Одна из них отражена в воспоминаниях В. Фигнер. Якобы в разговор вмешалась супруга Лопухина Екатерина Дмитриевна (урожденная Урусова): «…обратясь к нему, она сказала: „Да скажи же!“ И это „скажи же“ прекратило нерешительность Лопухина».
267
Там же. С. 249.
Драматургия сцены оказывается уже немного другой, но принципиально ничего (как будто бы) не меняет. Все-таки завяжем узелок на память.
Гораздо более сенсационная версия выдвинута Ю. Г. Фельштинским в примечаниях к изданию мемуаров А. В. Герасимова. Ссылаясь не неопубликованные воспоминания двоюродного брата Лопухина, Алексея Сергеевича, он рассказывает следующую историю:
«…Находясь в Париже, получив известие из Лондона, что его дочь похищена (при выходе из театра оттеснена в толпе от гувернантки и исчезла), А. А. Лопухин поспешил в Лондон, в его поездное купе вошел Бурцев и предложил в обмен на освобождение дочери назвать имя полицейского агента в верхах эсеровской партии. Лопухин назвал Азефа, и на следующий день освобожденная дочь его вернулась к нему в лондонскую гостиницу. Видимо, изложить эту причину в общественной обстановке предреволюционной России было для Лопухина невозможно» [268] .
268
Герасимов А. В. На лезвии с террористами. Париж, 1985. С. 197.
Трудно сказать — почему невозможно (странные представления об «общественной обстановке предреволюционной России»). Еще непонятнее, почему Лопухин, вместо того чтобы спрятаться и спрятать свою семью, всю осень (как мы дальше увидим) продолжал активно сотрудничать с Бурцевым в деле разоблачения Азефа. Даже если найти этому какое-то объяснение, даже если допустить, что Лопухин год спустя, на суде, под угрозой каторжных работ зачем-то утаил оправдывающее его обстоятельство, даже если предположить, что под маской мирного историка Бурцева скрывался зловещий бандит с криминальными связями во всех мировых столицах, — даже если предположить все это…

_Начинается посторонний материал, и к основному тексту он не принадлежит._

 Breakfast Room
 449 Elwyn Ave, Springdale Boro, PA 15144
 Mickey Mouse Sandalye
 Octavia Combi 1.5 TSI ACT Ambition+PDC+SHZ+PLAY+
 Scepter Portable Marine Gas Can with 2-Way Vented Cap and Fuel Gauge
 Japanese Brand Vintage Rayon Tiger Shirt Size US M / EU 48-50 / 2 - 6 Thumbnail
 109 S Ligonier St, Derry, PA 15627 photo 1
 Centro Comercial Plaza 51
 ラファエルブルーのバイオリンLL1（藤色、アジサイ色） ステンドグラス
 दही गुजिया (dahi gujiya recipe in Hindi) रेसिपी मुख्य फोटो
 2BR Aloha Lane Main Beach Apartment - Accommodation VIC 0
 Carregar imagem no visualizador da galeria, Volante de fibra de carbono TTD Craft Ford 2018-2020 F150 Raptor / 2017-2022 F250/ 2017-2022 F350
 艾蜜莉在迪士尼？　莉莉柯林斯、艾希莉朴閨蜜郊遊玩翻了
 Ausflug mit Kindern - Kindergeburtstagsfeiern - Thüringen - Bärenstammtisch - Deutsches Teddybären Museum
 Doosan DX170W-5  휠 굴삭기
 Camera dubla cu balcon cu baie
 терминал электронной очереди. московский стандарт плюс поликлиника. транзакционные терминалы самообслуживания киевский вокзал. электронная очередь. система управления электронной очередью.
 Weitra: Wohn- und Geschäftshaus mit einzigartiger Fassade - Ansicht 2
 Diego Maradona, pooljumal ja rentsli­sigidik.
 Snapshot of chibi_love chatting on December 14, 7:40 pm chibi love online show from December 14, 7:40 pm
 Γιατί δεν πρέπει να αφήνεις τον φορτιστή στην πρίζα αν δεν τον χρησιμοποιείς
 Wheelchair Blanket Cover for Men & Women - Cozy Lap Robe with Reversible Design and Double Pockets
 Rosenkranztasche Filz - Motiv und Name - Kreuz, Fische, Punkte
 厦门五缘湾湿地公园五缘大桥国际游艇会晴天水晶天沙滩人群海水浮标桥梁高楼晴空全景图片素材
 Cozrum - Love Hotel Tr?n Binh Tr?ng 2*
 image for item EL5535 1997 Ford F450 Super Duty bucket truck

Все равно версия рассыпается.
Дело в том, что загадочное похищение и неожиданное возвращение в лоно семьи Варвары Алексеевны Лопухиной в Лондоне в самом деле имело место, но не в сентябре 1908-го, а 24–30 ноября 1907 года. А. Гейфман предположила, что разговор Бурцева с Лопухиным именно тогда и происходил. Непонятно, правда, зачем бы Бурцеву почти год скрывать такую важную улику. Но главное все-таки не в этом, а в том, что в ноябре 1907 года Бурцев совершенно бесспорно находился за сотни километров от Франции — а именно в Финляндии. Так что эффектную конспирологическую версию можно считать закрытой.
Скорее всего, разговор в поезде случился именно тогда, там и так, как его описывает Бурцев. И все-таки неясности в этой истории существуют. И эти неясности касаются мотивации Лопухина.
Бурцев не знал про майский приезд Морозова в Париж с сообщением от Орлова-Давыдова. Если бы и знал, едва ли связал бы этот эпизод с Лопухиным. Собственно, это и сегодня — всего лишь версия. Но в свете этой версии события выглядят иначе. Получается, что еще до того, как Бурцев сообщил ему о двойной игре агента Раскина (Виноградова), Лопухин готов был (сложным, тайным путем) выдать его революционерам?
Нельзя обойти вниманием и еще одну версию, совсем уж радикально-конспирологическую, выдвинутую в книге Ю. Фельштинского и Г. Чернявского «Через века и страны. Б. И. Николаевский. Судьба меньшевика, историка, советолога, главного свидетеля эпохальных изменений в жизни России первой половины XX века» (М., 2012) и опирающуюся, как и версия с похищением дочери, на неопубликованный архивный источник (поздние письма Николаевского) — без точной ссылки и цитат. Злодеем, провокатором, двойным игроком оказывается не Азеф, а… Лопухин.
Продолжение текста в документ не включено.